Hoffa äußerte sich zu Bobby Kennedys Tod in der Dick Cavett Show, nachdem er aus dem Gefängnis entlassen worden war. Er sagte, es tue ihm leid wegen Bobbys Frau und Kindern, aber er habe 'mit dem Mann nichts am Hut gehabt'. Seine Feuer- und Wasser- Beziehung zu Robert Kennedy war kein Geheimnis.

Wie viel an „Hoffa“ ist Realität und wieviel Erfindung?

Soviel ist wahr: Hoffa beteiligte sich am Kampf der Arbeiterbewegung. Er wurde 1957 Präsident der Gewerkschaft der Lastwagenfahrer und kam 1967 wegen Mißbrauchs von Pensionsgeldern ins Gefängnis. Er wurde von Nixon begnadigt und klagte Fitzsimmons und Nixons Justizminister Colson an, sie hätten einen Handel abgeschlossen, ihn nach seiner Entlassung zehn Jahre lang aus der Gewerkschaft rauszuhalten. Er versuchte, sich die Kontrolle über die Gewerkschaft zurückzuholen. Es gab Explosionen — Fitzsimmons Boot flog in die Luft, glaube ich — und manche beschuldigten Hoffa, er habe dahinter gesteckt. Am 30. Juli 1975 verschwand er.

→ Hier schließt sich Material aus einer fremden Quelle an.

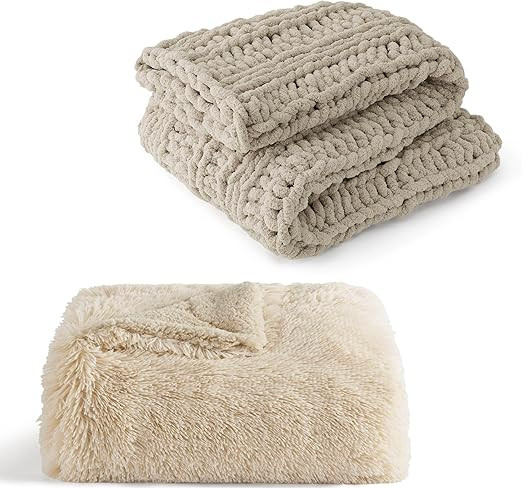 Bedsure Bundle of 1 Faux Fur Teal Throw Blanket & 1 Chunky Knit Blanket | Amazon (US)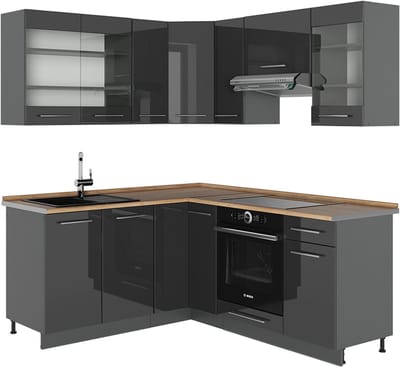 Vicco Hoekkeuken Fame-Line, Antraciet Hoogglans/Antraciet, 190 x 160 cm, WB Eik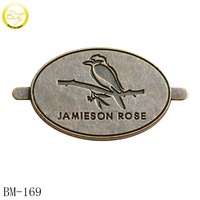 Etiquetas de Metal con Nombre Personalizadas, Etiquetas Ovaladas con Logotipo de Marca, Placas de Identificación de Metal para Zapatos/Ropa/Sombreros/Cuero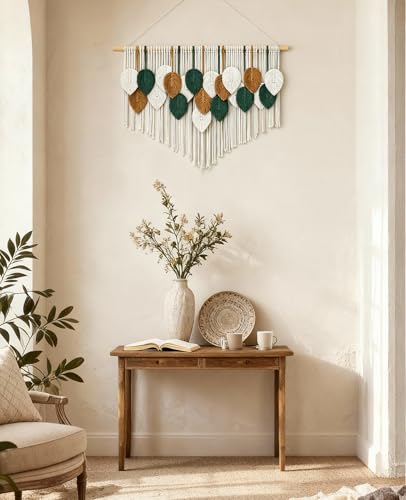 Tempospark Large Macrame Wall Hanging, 39" Wx29 L Boho Wall Hanging, Boho Chic Leaves Tassels Tapestry for Bedroom, Living Room, Dining Room, Nursery, Hallway, Balcony - image 7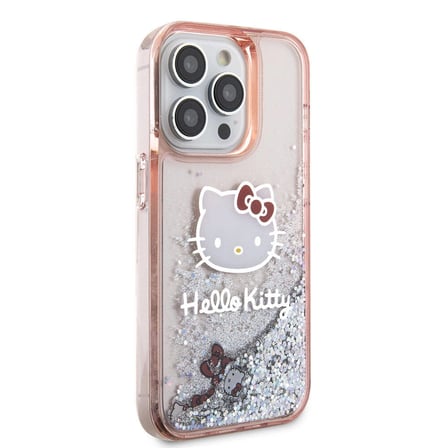 Apple iPhone 15 Pro Uyumlu Kılıf Hello Kitty Orjinal Lisanslı İkonik Sıvılı Glitter Kapak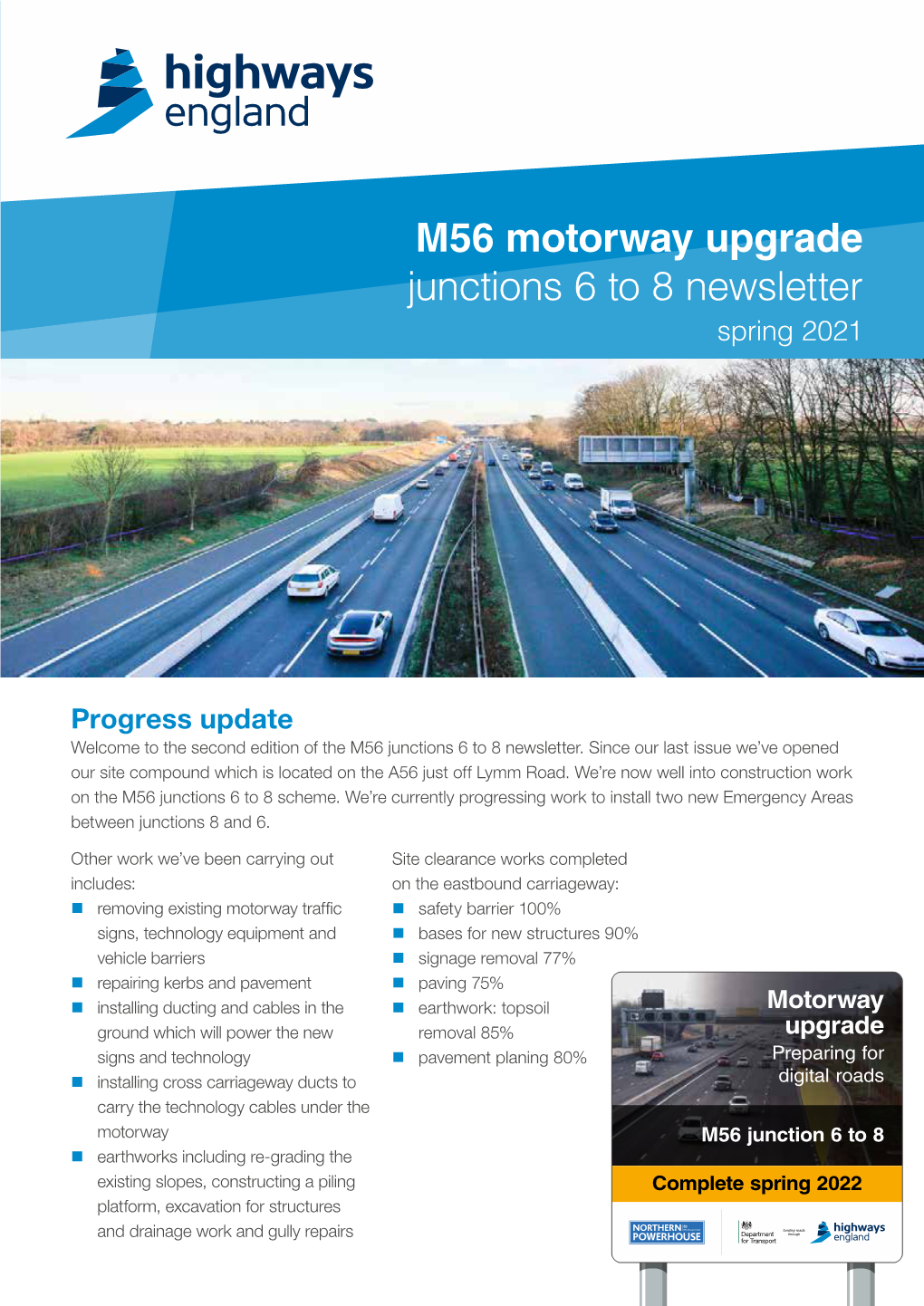 M56 Motorway Upgrade Junctions 6 to 8 Newsletter Spring 2021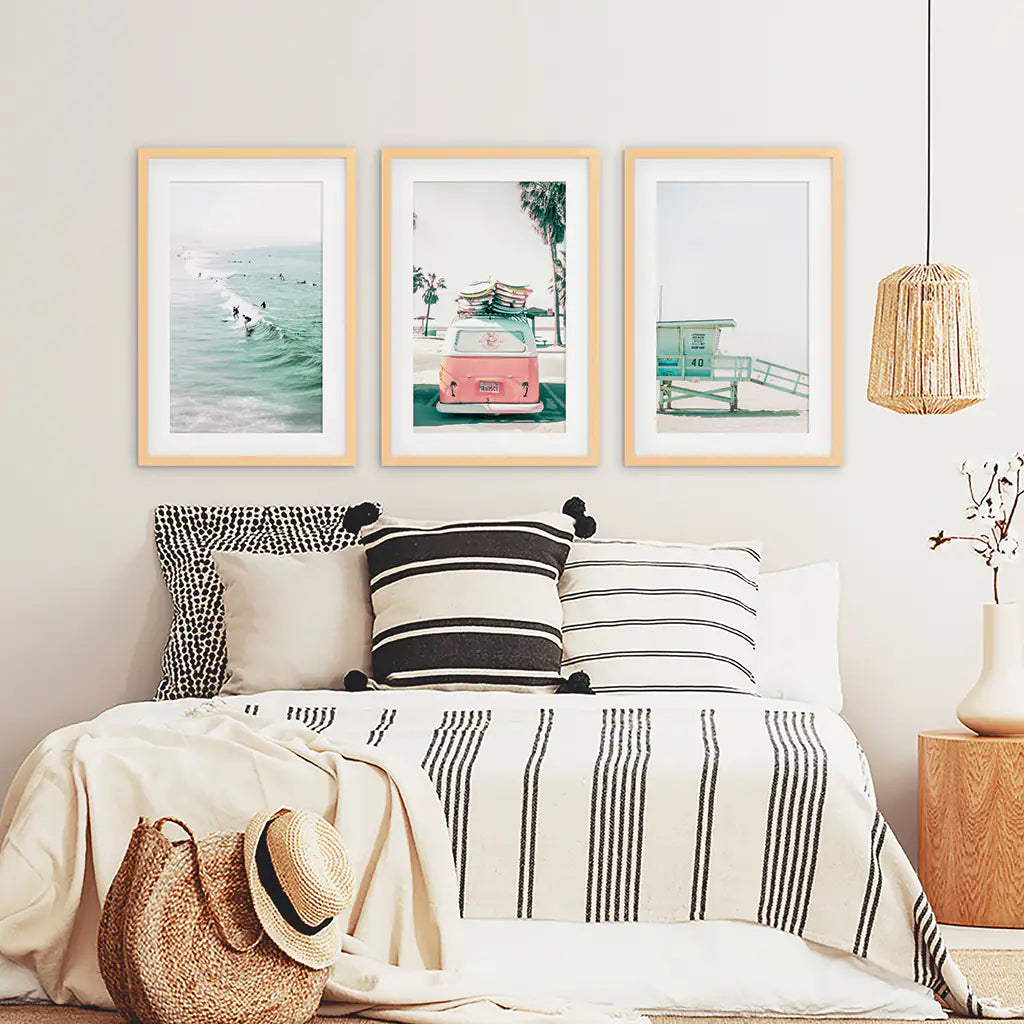 California Coastal Wall Art Set of 3. Pink Bus, Surfers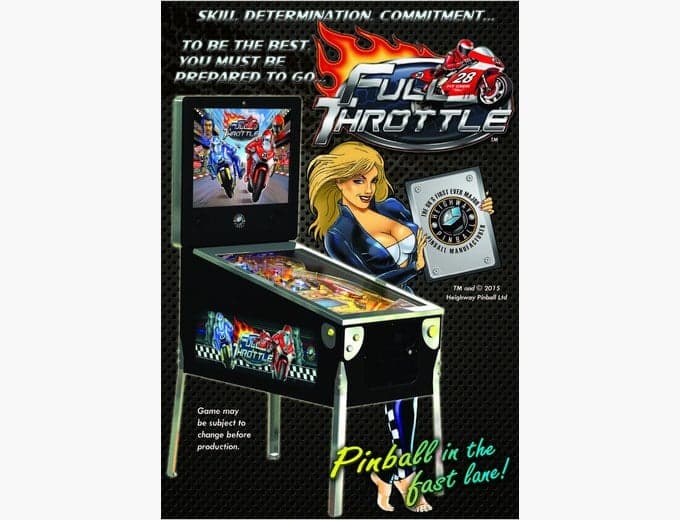 Full Throttle pinball flyer, Heighway Pinball, Limited, 2015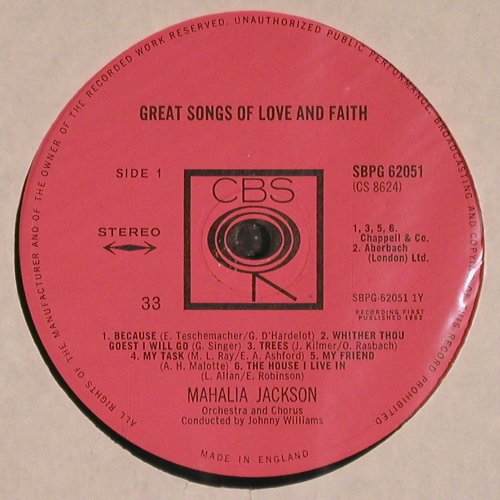 Jackson,Mahalia: Great Songs of Love and Faith(1962), CBS (SBPG 62051), UK Typ: LP Best.-Nr.: V4385 Preis: 9,00 Euro
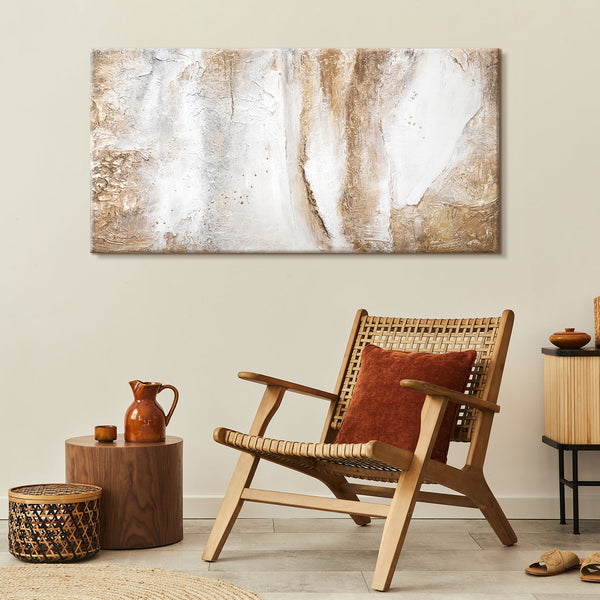 The painting "Aesthetics" is an abstraction in white and gold.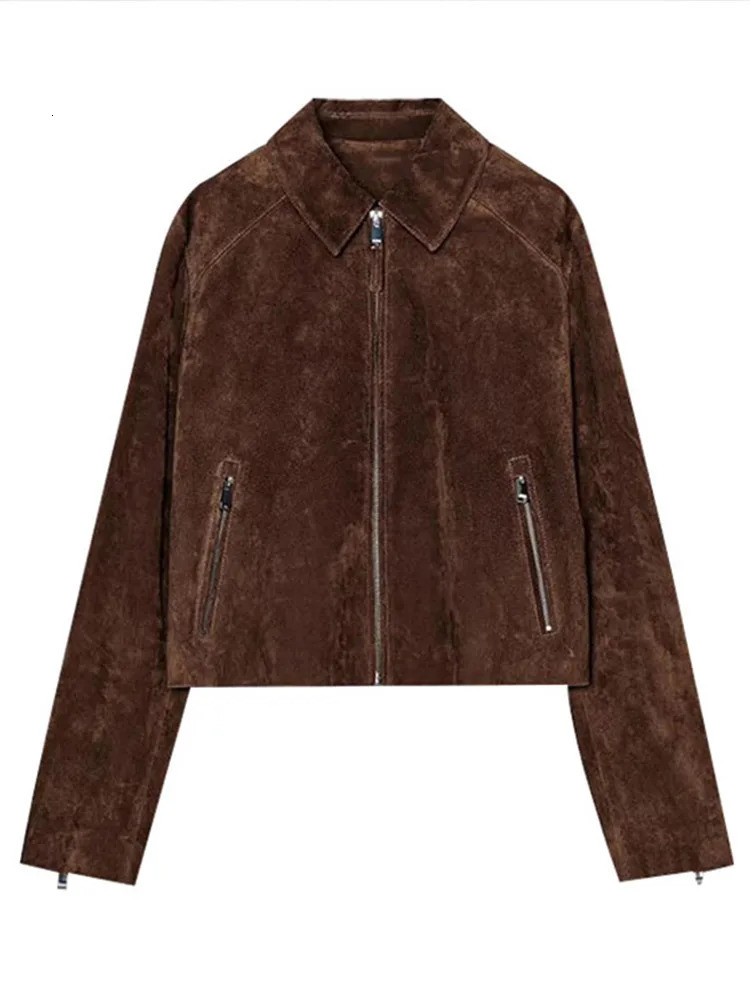 Vintage Womens Zipper Suede Short Jacket Long Sleeve Lapel Pockets Brown Slim Coat Autumn Lady Allmatch Outwears 251020
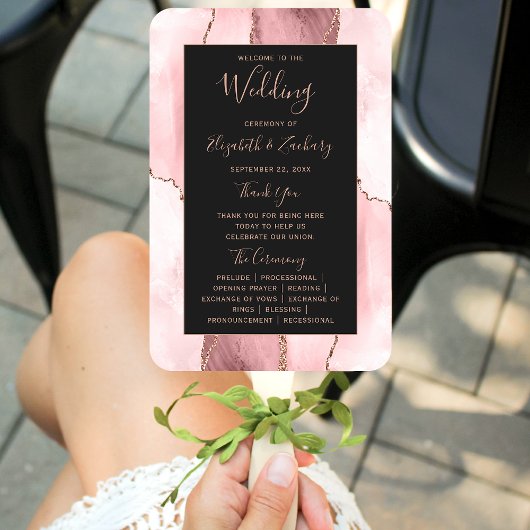 Blush Pink Rose Gold Agate Dark Wedding Program Handwaaier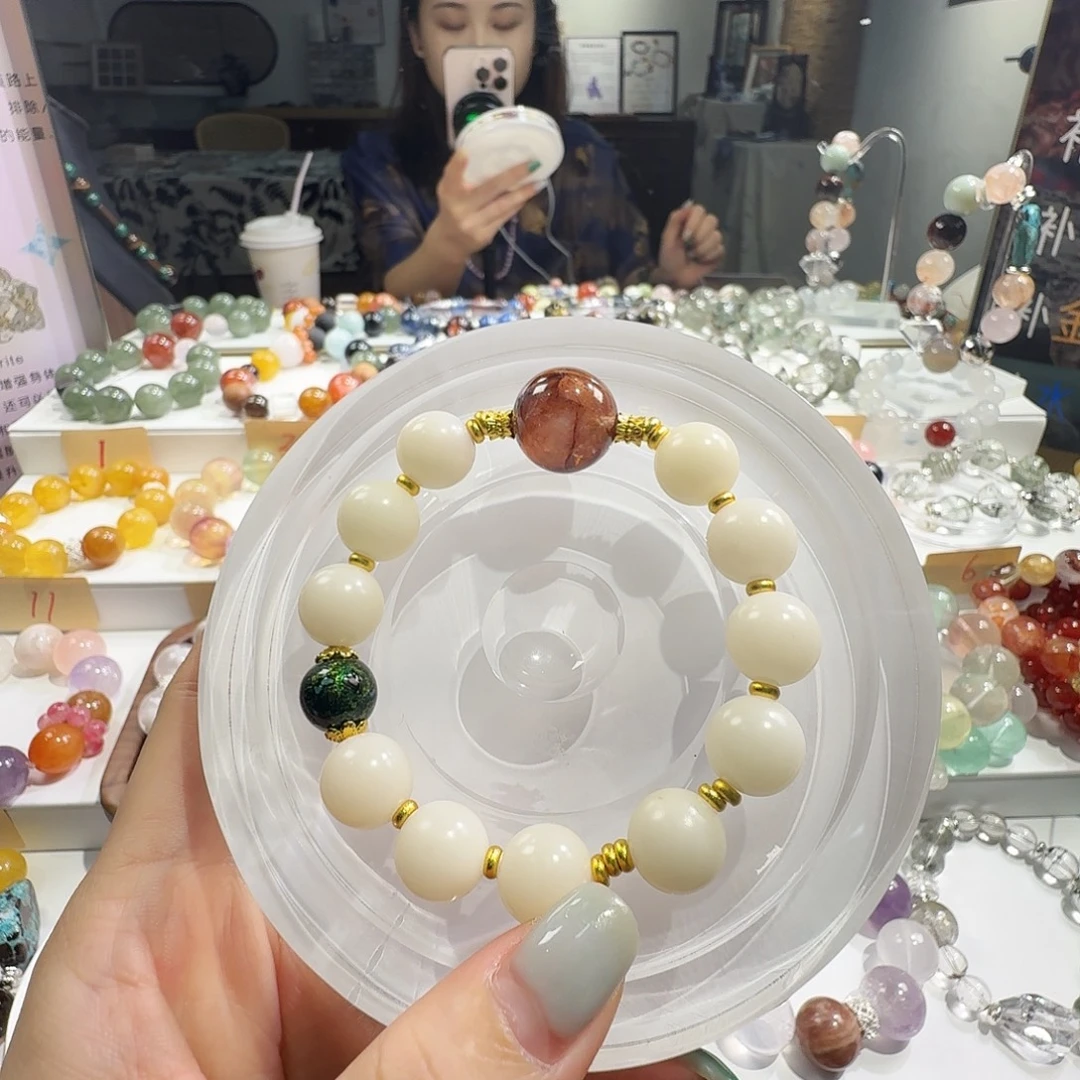 水晶未镶嵌手串胶花大漆菩提手串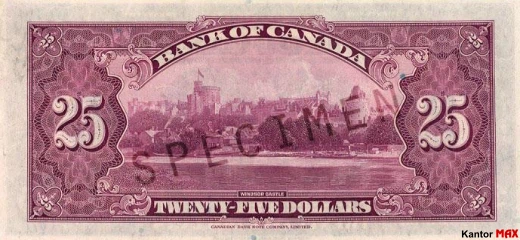 25 dolarów kanadyjskich 1935 rok - Rewers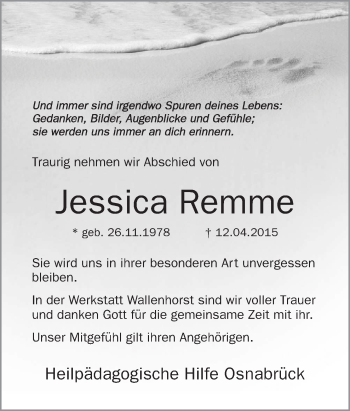 Traueranzeige von Jessica Remme von Neue Osnabrücker Zeitung GmbH & Co. KG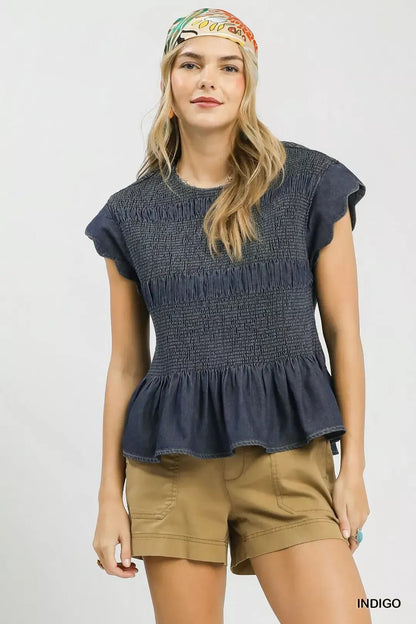 Umgee Smocked Peplum Top with Scalloped Ruffle Cap Sleeves - Bitsy Gypsy Boutique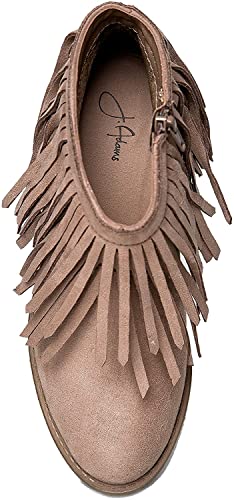 J. Adams Marrow Ankle Boot - Western Fringe Cowboy Low Heel Bootie - Taupe Vegan Suede - 11 #TOP3
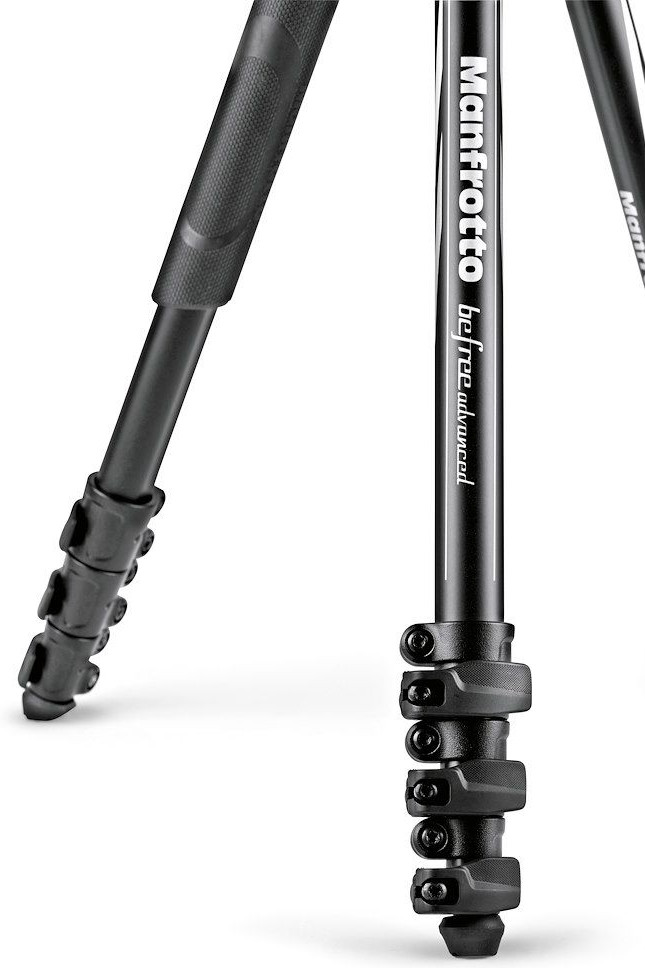 Manfrotto Advanced Aluminum Travel Tripod Lever + Kugelkopf detail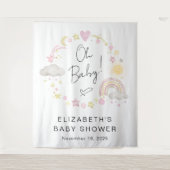 Boho regenboog baby douche welkom achtergrond wandkleed (Voorkant)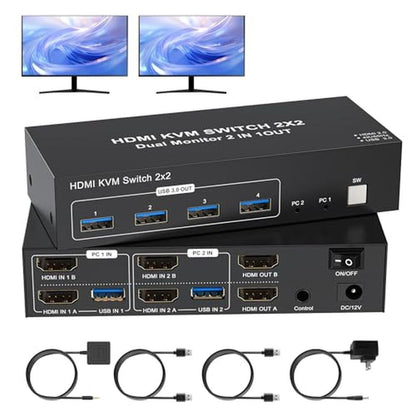 KVM Switch: TAILAIERA 4K HDMI Dual Monitor KVM Switcher – Front View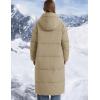 imageFlygo Womens Hooded Long Puffer Coat Winter Jackets Coats Warm Maxi Long Sleeve Zip Padded Down Cocoon OuterwearKhaki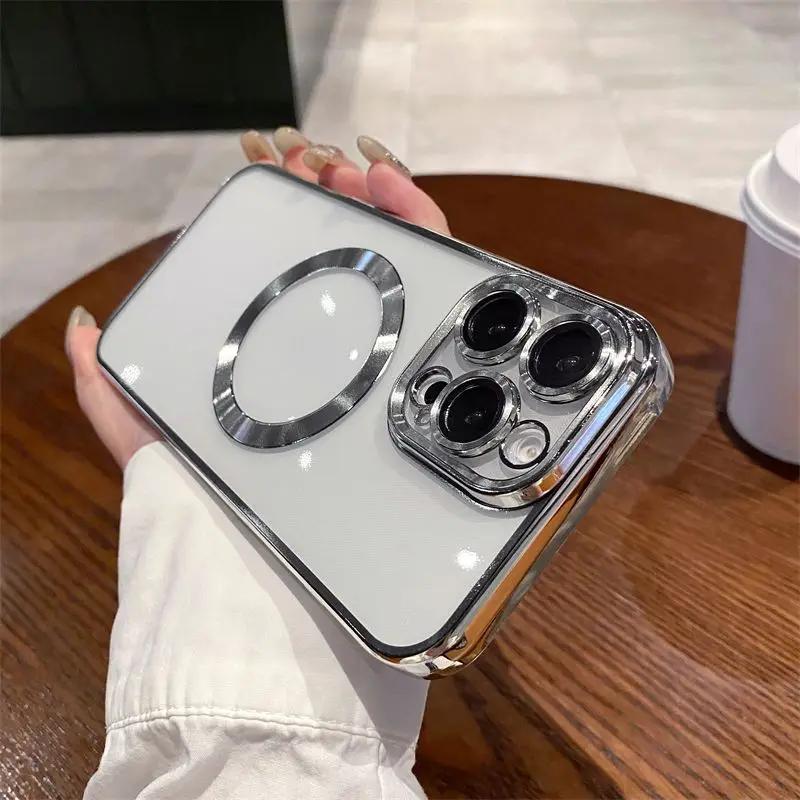 Phone Case for iPhone 11 12 13 14 15 16 Pro Max Magnetic Wireless Charge Protective Cover Lightweight Clear Soft TPU Lens Film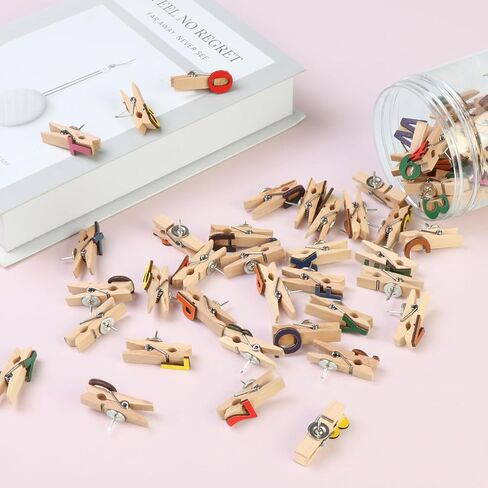 70 Pcs Alphabet & Number Push Pins with Wooden Clips – Colorful Letter A-Z & 1-9 Thumb Tacks for Cork Board, Bulletin Board, Classroom Decor, Office Supplies in Saudi Arabia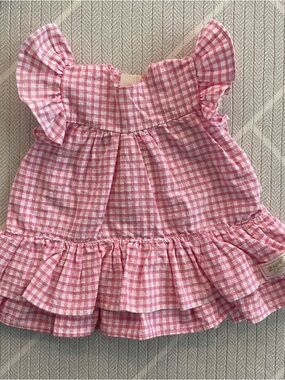 VTG)Zapf Creation Pink Gingham Ruffle Baby Doll Dress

Die Innenszenen zwischen den Figuren, was sie zueinander sagen, wurden von Mamet entwickelt, außer den Szenen der McClellan-Hearings, die wurden den Protokollen entnommen.

Sie glauben also, Jimmy Hoffa sei aus politischen Gründen dämonisiert worden?

Er wurde als übler Kerl hingestellt, um die Gewerkschaft zu schwächen, aber es war ihm klar, daß jeder Präsident der Teamsters den gleichen Angriffen ausgesetzt gewesen wäre. Er nahm es nicht persönlich. Zum Schluß gelang es ihnen, ihn fertig zu machen und die Gewerkschaft zu schwächen. Nachdem ihn die McClellan-Hearings ins Gefängnis befördert hatten, verabschiedete der Kongreß zum Beispiel ein Gesetz, wonach Solidaritätsstreiks für andere Gewerkschaften verboten wurden.

Es gibt auf diesem Festival drei amerikanische Filme mit politischen Themen, „Hoffa“, „Malcolm X“ und „Love Field“. Was sagt das aus über die Vereinigten Staaten von heute?

Wenn in Amerika ein biographischer Film gemacht wird, sagt der eine Studioboss zum anderen: 'Hör mal, die machen eine Biographie. Wissen die was, was wir nicht wissen? Vielleicht sollten wir auch eine Biographie machen.' Und dann hat man drei Biographien in einem Jahr, oder man hat drei Filme über Leute unter Wasser, und dann kommt das Jahr mit den Schönheitssalons... Das sagt es aus.